The Germans are in the dunes, having pushed the Allies to the shores. There is no escape. This is a hasty retreat. This war is not going to be won so readily as first thought. Upwards of 400 000 men are trapped on a beach, awaiting salvation. They are sitting ducks. They need to be rescued.
This is the story of Dunkirk – a retreat and a rescue.
Desperate Men on a Beach
Dunkirk is one long, very beautiful – if violence can have its beauty – very riveting study in desperation. Tired, oh so tired, men, many just boys, want to get off that beach, want to go home. They do not want to be there – guns flaring, bombs falling, torpedoes churning.

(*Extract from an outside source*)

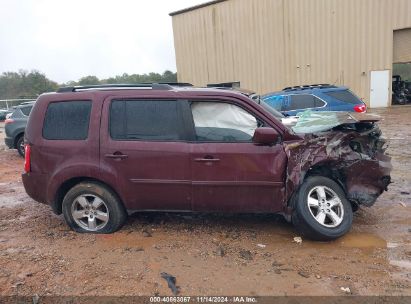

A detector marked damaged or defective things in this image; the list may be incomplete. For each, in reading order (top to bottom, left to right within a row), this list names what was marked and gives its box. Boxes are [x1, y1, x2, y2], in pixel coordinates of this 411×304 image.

crumpled hood [292, 110, 382, 132]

However, it is not a historically accurate documentary, with all the many facets of the battle and its agents. Rather, Dunkirk is a nonlinear narrative, focusing on three story threads – a week’s worth of rescue efforts on land, a day’s worth of rescue efforts at sea, and an hour’s worth of rescue efforts in the air. Naturally, all these threads end up being woven together. The storylines cut between dogfights in the movie’s apparent present to never-ending lineups on the mole/pier, awaiting the next ship and the next bombs overhead and the next array of bullets from the dunes and the next unseen U-boat with its unseen arsenal, to hardy civilians crossing the channel in personal boats to aid in the rescue of these troops.
The Mole and the Best-Laid Plans
On land and at the mole, the main focus is on a young soldier (Fionn Whitehead), who pretty much says nothing for most of the film, and his even more silent companion (Aneurin Barnard). They scurry from one near-death situation to another, from one hope of escape to another. Bodies litter the beach, float in the water, disappear into the depths, drop in the dunes, but there is no time to stop, mourn, deliver a heartfelt soliloquy, pull out that tattered photo of home. There is only survival. Run there. Swim there. Jump off there. Swim again. Hang on. Climb up. Duck down. Bail out. Swim again and again and again. Scurry from one thing to another. Survive, just try to survive.
The best-laid schemes o’ mice an’ men
Gang aft agley,
An’ lea’e us nought but grief an’ pain,
For promis’d joy! – Robbie Burns
There is a certain Wile E. Coyote tragedy to it all. All these desperate plans to get off that beach, all these attempts, and still rescue remains elusive. It all goes awry again and again. It is almost guffawingly farcical, but the film never goes over into the consequence-free, cartoonish grotesqueness that is farce. No tears, no laughter, just desperate scurrying to and fro, with a poignant scene in the belly of a leaky boat about who should ascend to certain death. There our silent heroes speak.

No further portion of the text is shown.